More about: Raissa Pardini
Chances are that you’ve seen a Raissa Pardini piece. Bold and retro with a focus on typography and the manipulation of those letters into art, her record and poster designs are the number one choice for today’s most influential underground bands. Squid, Idles, The Orielles and The Murder Capital are a cherrypicked few from a growing list, and alongside them, Raissa's graphic design is coming to characterise the musical era we are living in now.
Take a look at her work. Punchy, punky and idiosyncratic, Raissa’s posters are anachronistic yet in love with the vintage. They are bold and unique with typography the centre of their experimentations. There is nothing quite like them. Each of her many designs is a favourite, drawing the eye from here to there, impeccably encapsulating the atmosphere of the band they depict and leading a generation of underground music lovers to a rediscovery of the retro. How, I wonder out loud on the phone to her one dark Friday evening, does she do it?

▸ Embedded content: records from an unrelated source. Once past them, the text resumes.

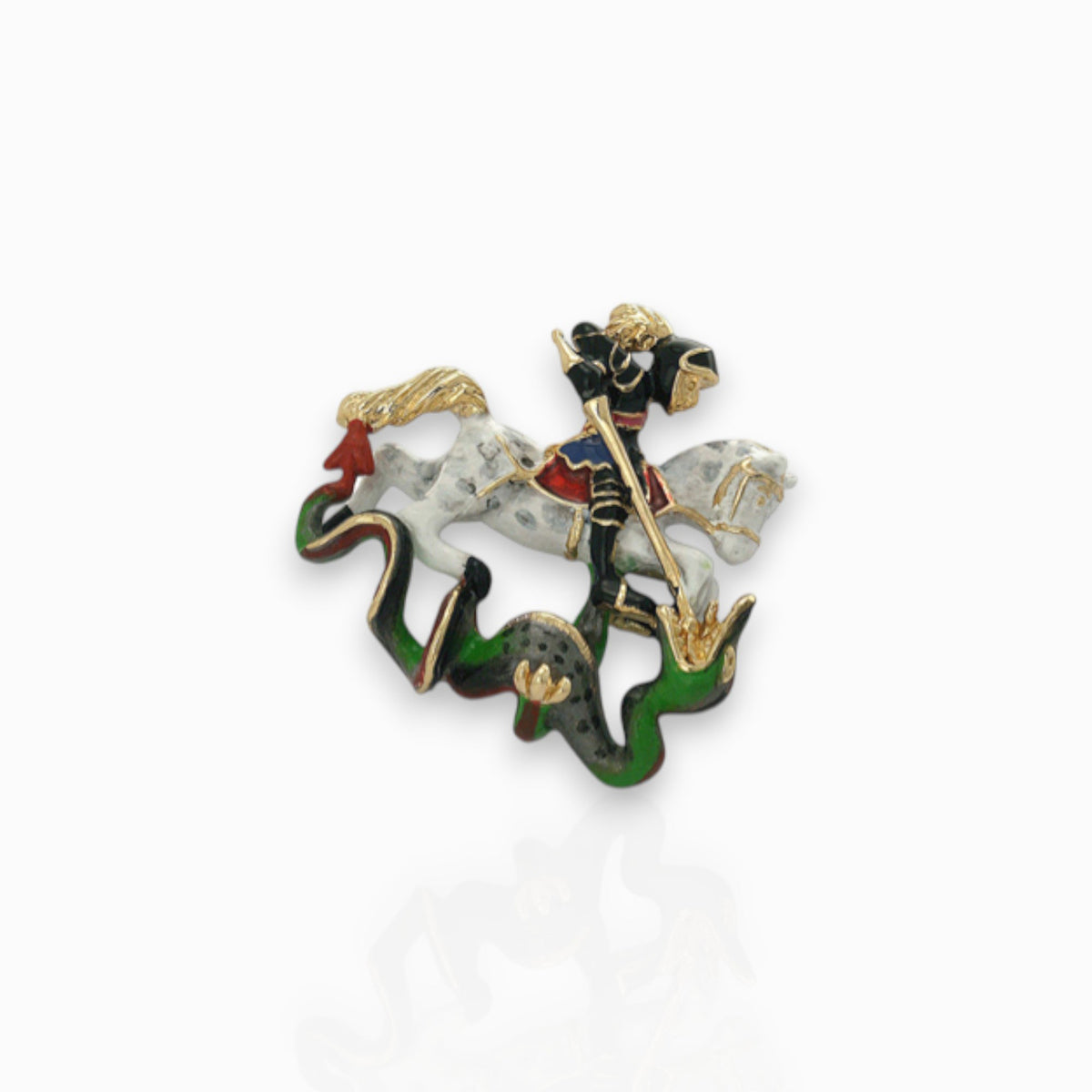 St George and The Dragon - Brooch on a white background.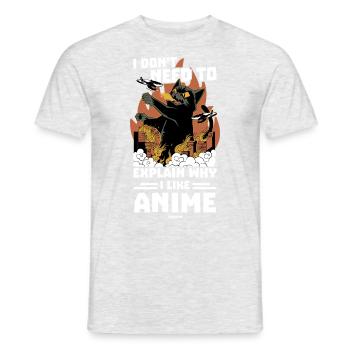 I Love Anime Japan Manga Cosplay Nerd Gift - Men's T-Shirt - heather grey - Front - AI Model Male 178 dark (178cm)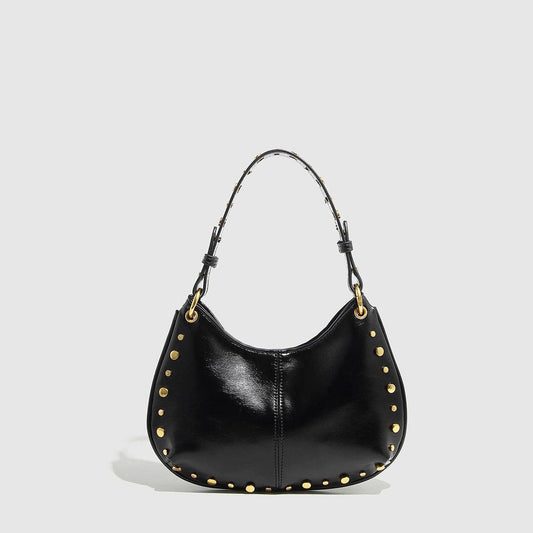 Black Studded Shoulder Bag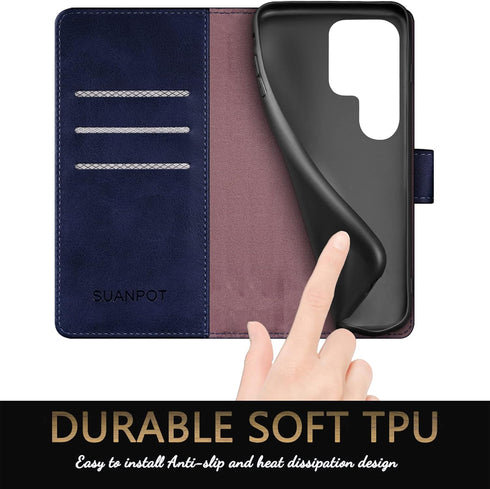 SUANPOT Samsung Galaxy S22 Ultra Wallet Case with RFID Blocking, Flip Folio Book Phone Case, Shockproof Cover for Women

“Designers make the music tangible in visuals” she explains from her studio 400 miles away in Glasgow, making clear that in order for an artwork to sing, “there has to be a lot of communication between how I feel, how the band feel, how we want people to feel about seeing something and hearing something at the same time.”
With the artists her essential sounding board, Raissa goes on to magic ideas into her sketchbook and then onto the computer, making the sounds of our favourite musicians something to admire with our eyes as well as our ears. Each finishing product is dramatic, eye-catching and unique...and that's particularly impressive when you consider that Raissa's work focuses heavily on typography.

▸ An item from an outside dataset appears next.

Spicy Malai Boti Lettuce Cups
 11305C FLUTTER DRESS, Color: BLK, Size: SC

“Through the decades we’ve produced more and more fonts, but what hasn’t been done much is experimenting and pushing letters to make artworks” she says, adding that “now we see fonts as a visual aspect [of design], they can be anything.”
And in Raissa's hands they are. Upside down, inside out, repeated, manipulated, distended and exploded, these fonts differ dramatically from print to print. Rarely is a letter style repeated, often are multiple typographies explored on the same page; Raissa's work continuously pushes the envelope of letters and what can be done with them, rather in the same way Factory designer Peter Saville played with contrast.
Much of her work's boldness and eclecticism comes from Raissa’s own living situations. Having been born in a small town in Tuscany, she went on to study or work in Milan, Marrakech, Berlin, London and Glasgow. She has worked in record shops and played in bands, studied everything from calligraphy to paper-making. And if a well-lived life has given her anything, it’s inspiration. Of course, music inspires her too, as well as the artworks that have been designed for it. Buzzcocks covers are a favourite, as well as recent designs coming out of Africa: “there is an aesthetic from the African Beat coming out now, they all have amazing covers and incredible fonts.”
Not all inspirations are born equal though. Raissa mourns the loss of record shop Lucky Seven - where she used to work, and where many of the hundreds of records she owns are from - but reserves less enthusiasm for London itself, finding it to be “a difficult city if you want to be an artist.” Milan she found similarly suffocating, though she isn’t quite so damning about the Italian city as she is of the UK capital: “London has been the worst city out of all the cities I’ve lived. It’s too expensive to experiment on anything” she sighs. By contrast, Glasgow, where she lives now, offers “cheaper rent than most places. It isn’t gentrified. The community is strong.” And perhaps most importantly, “it gives artists the freedom to get the best out of their work.”
Even the weather (“really bad”) is a positive in Raissa’s eyes. Like Berlin, she believes there’s “a lot of indoor activity because the city’s strongest point is not the weather…if it was sunny every day I don’t think it would be productive.”
In her airy studio, stacked atop other creative workspaces and two of the city’s music venues, Raissa works all day (though rarely in the morning) and then returns to the house she shares with her partner in the evening.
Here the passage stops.